Summary: The text describes the enhancements made to Google Kubernetes Engine (GKE) Autopilot, including new autoscaling capabilities, the introduction of compute classes, and the availability of Autopilot features in standard clusters. These updates aim to streamline Kubernetes operations and improve resource efficiency, particularly for AI workloads, and offer benefits such as simplified management and reduced costs.

Detailed Description:

The content emphasizes the advancements in the Google Kubernetes Engine (GKE) Autopilot and discusses how these enhancements simplify operations and increase efficiency for cloud-based workloads. Key highlights include:

– **Operational Mode Upgrades:**
– GKE’s Autopilot provides a fully managed environment focusing on reducing operational complexities associated with provisioning compute capacity.
– The upgraded autoscaling stack allows for rapid horizontal and vertical scaling, thus accommodating varying workload demands more effectively.

– **Increased Adoption:**
– Adoption of Autopilot is growing, with notable customers like Hotspring and Contextual AI recognizing its value over traditional Kubernetes operations. Reports indicate that 30% of active GKE clusters were created in Autopilot mode in 2024.

– **Improved Performance:**
– The container-optimized compute platform features faster provisioning times, leading to reduced time for workloads to become operational, optimized customer experiences, and overall cost efficiency.

– **Wider Availability:**
– The features of Autopilot are now applicable to all qualified GKE clusters, not just dedicated Autopilot environments, pushing for broader utility and function across various deployment types.

– **Compute Classes:**
– Introduction of compute classes like ‘autopilot’ and ‘autopilot-spot’ allows users to specify compute requirements easily and manage workload resources effectively.
– Provides dynamic resource allocation with efficient charge models, thereby catering to diverse workloads without wasting resources.

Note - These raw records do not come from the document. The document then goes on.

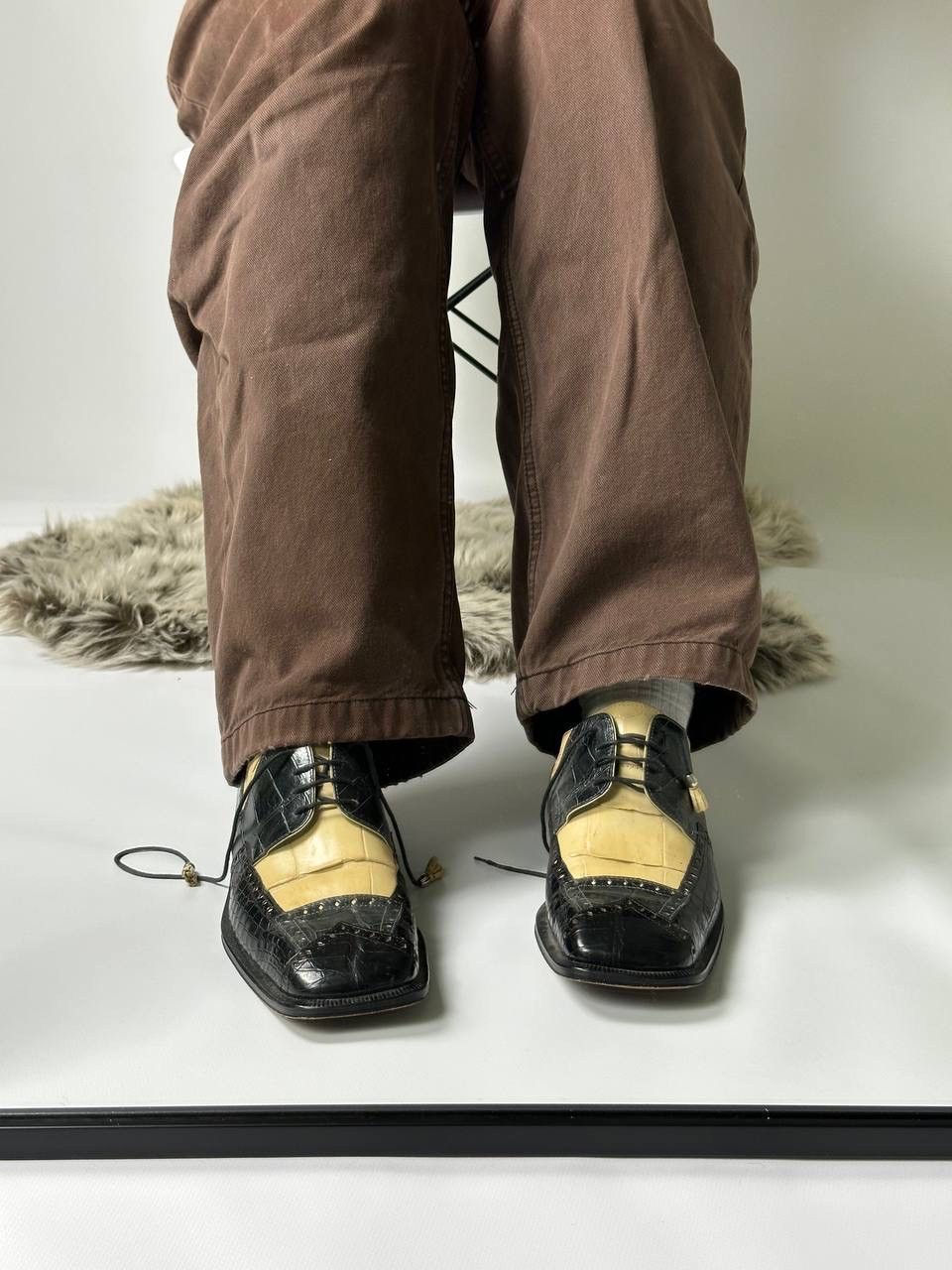 Leather × Vintage Vintage Crocodile Skin Leather Shoes Size US 12 / EU 45 - 2 Thumbnail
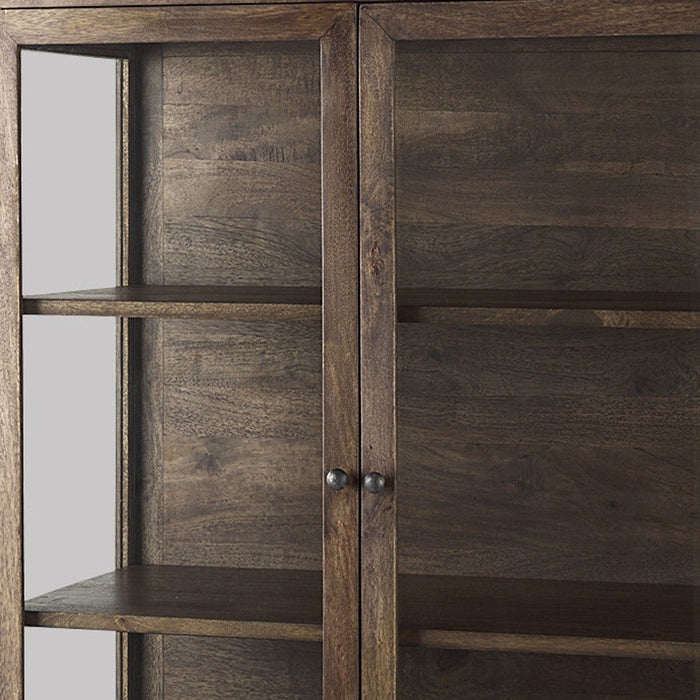 36" Solid Wood And Metal Display Cabinet With Two Doors - Brown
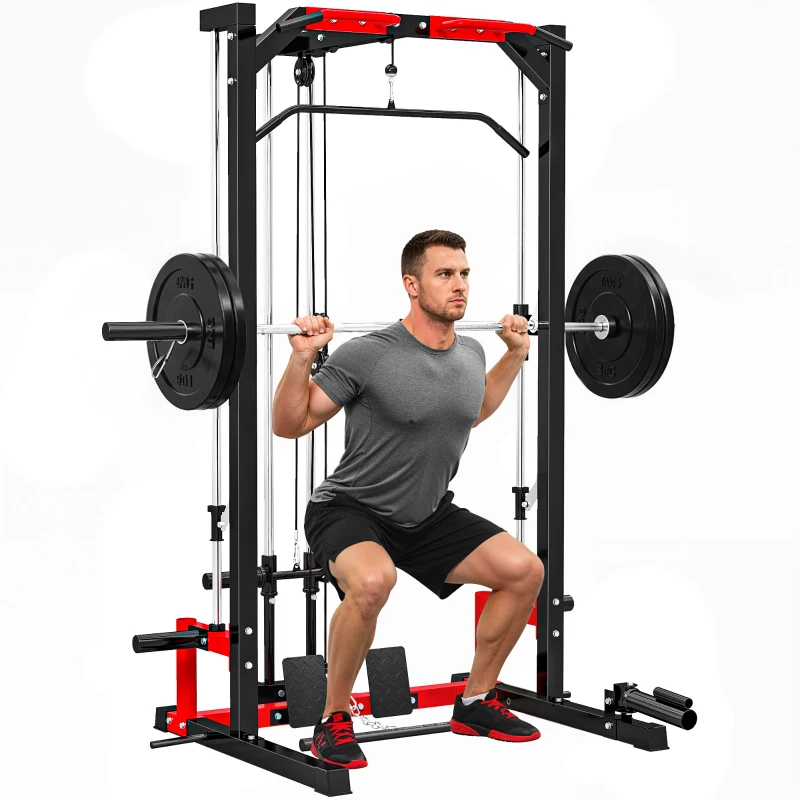 SPORTNOW Cable Crossover Machine, Multi-Function Power Rack with Pull Up Bar, Lat Pull Down System, Squat Rack, Barbell Bar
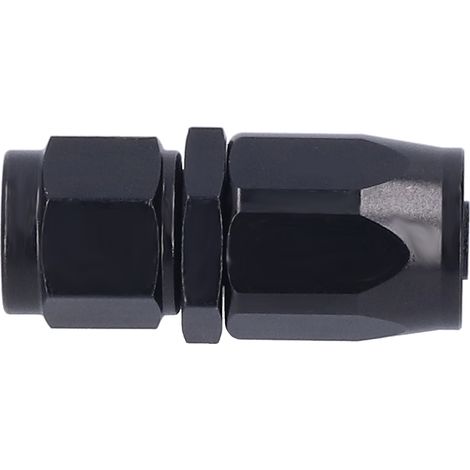Raccord AN6 6AN aluminium noir droit pivotant pour ligne carburant huile adaptateur extrémité flexible (1/5)
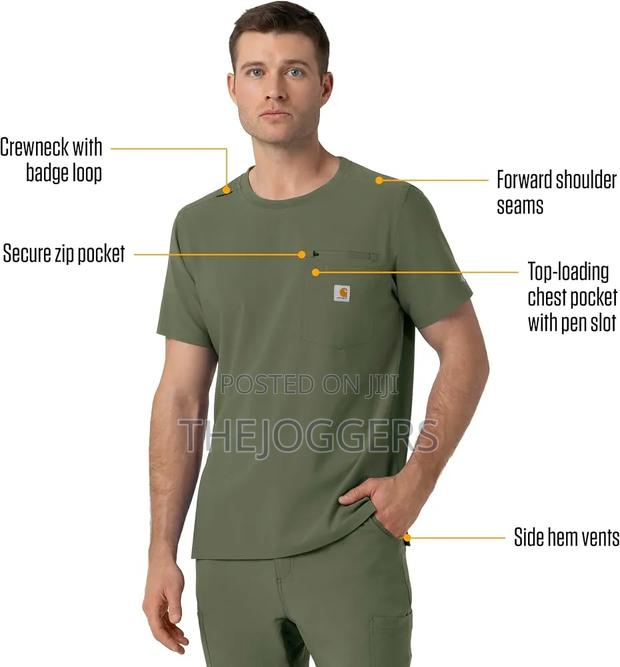 Carhartt Olive Men's Crew Neck Scrub Top Flexible & Durable Fabric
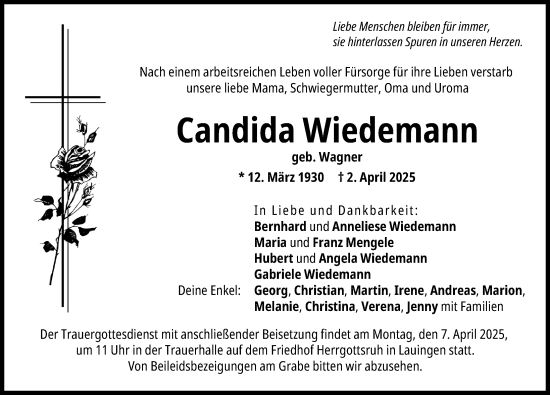 Traueranzeige von Candida Wiedemann von Donau Zeitung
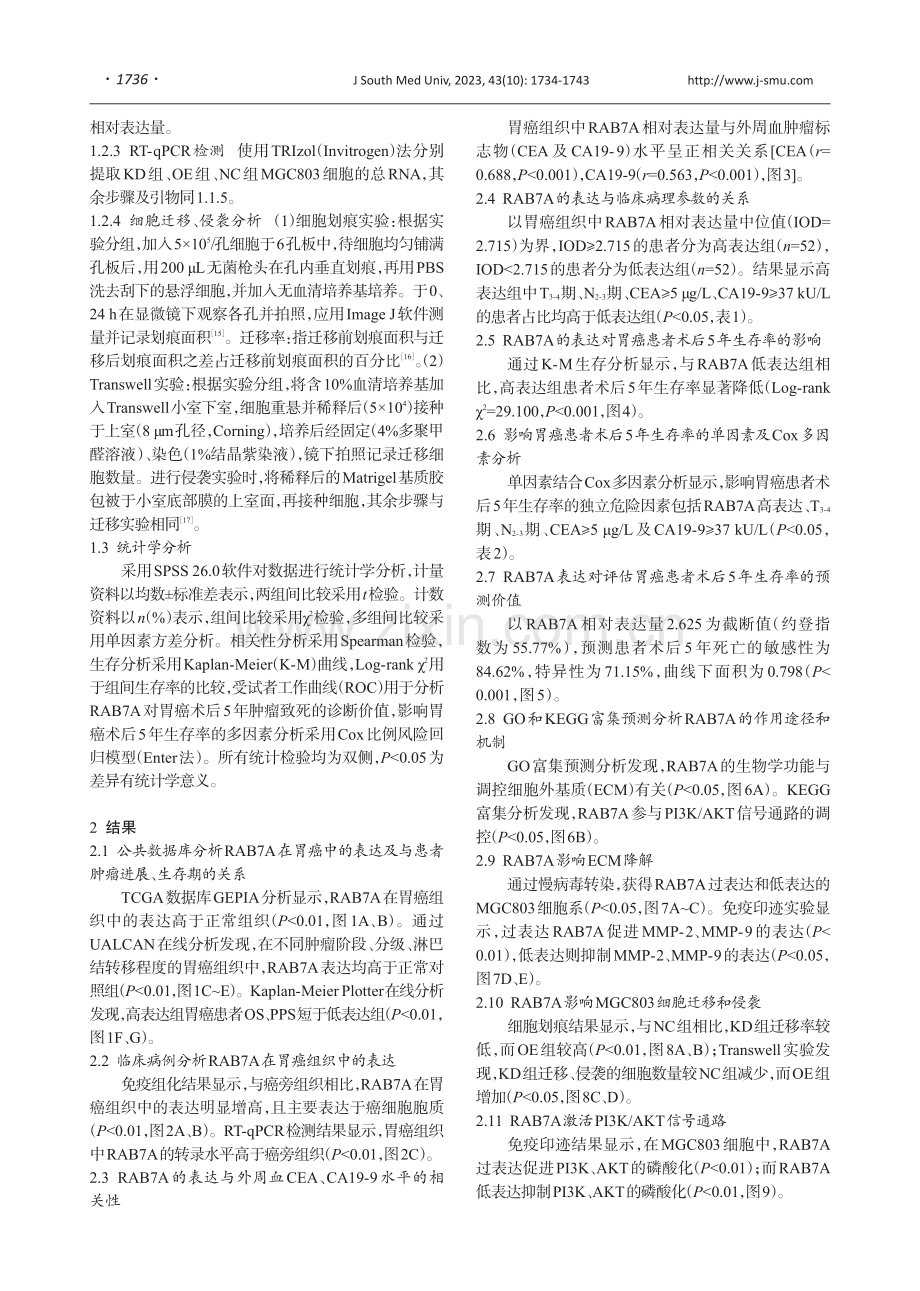 高表达RAB7A通过促进肿瘤侵袭影响胃癌患者的预后.pdf_第3页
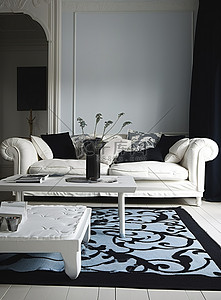 蓝色地毯背景图片_蓝色地毯 浅色和白色沙发 黑色沙发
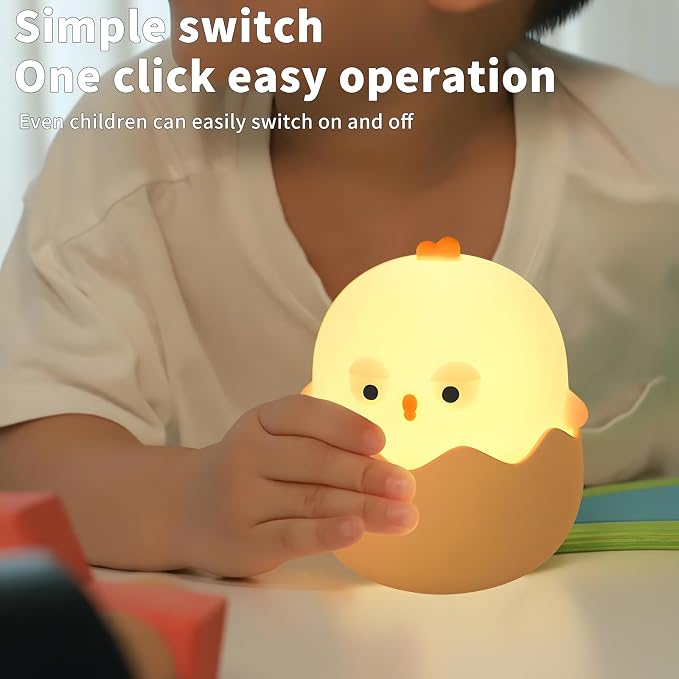 Easter Chick Egg Night Light - Dimmable 7-Color LED Nursery Lamp for Babies, Soft Silicone Touch Eggshell Decor for Easter Basket, Bedroom & Kids Room, Easter Gifts & Birthday Presents - Image 2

– **AI Workload Optimization:**
– Capable of running AI workloads on specialized hardware (GPUs and TPUs) while benefiting from managed node characteristics for improved operational management.
– Enterprises leverage this capability for better supportability and reliability in handling AI applications due to enhanced security measures built into the platform.

– **Gradual Adoption:**
– The new provisioning mode enables deployment of compute classes without disrupting existing operations, allowing companies to integrate the advanced features of Autopilot slowly, accommodating transitions smoothly.

– **Practical Implementation:**
– Instructions provided for users to incorporate Autopilot features into their existing setups, showcasing ease of use and integration.

In summary, the improvements in GKE Autopilot signify a strategic advancement in Kubernetes management, particularly focusing on enhancing resource efficiency and operational simplicity for cloud deployments, and expanding capabilities for AI workloads, which are vital for organizations looking to leverage machine learning and AI in their operations.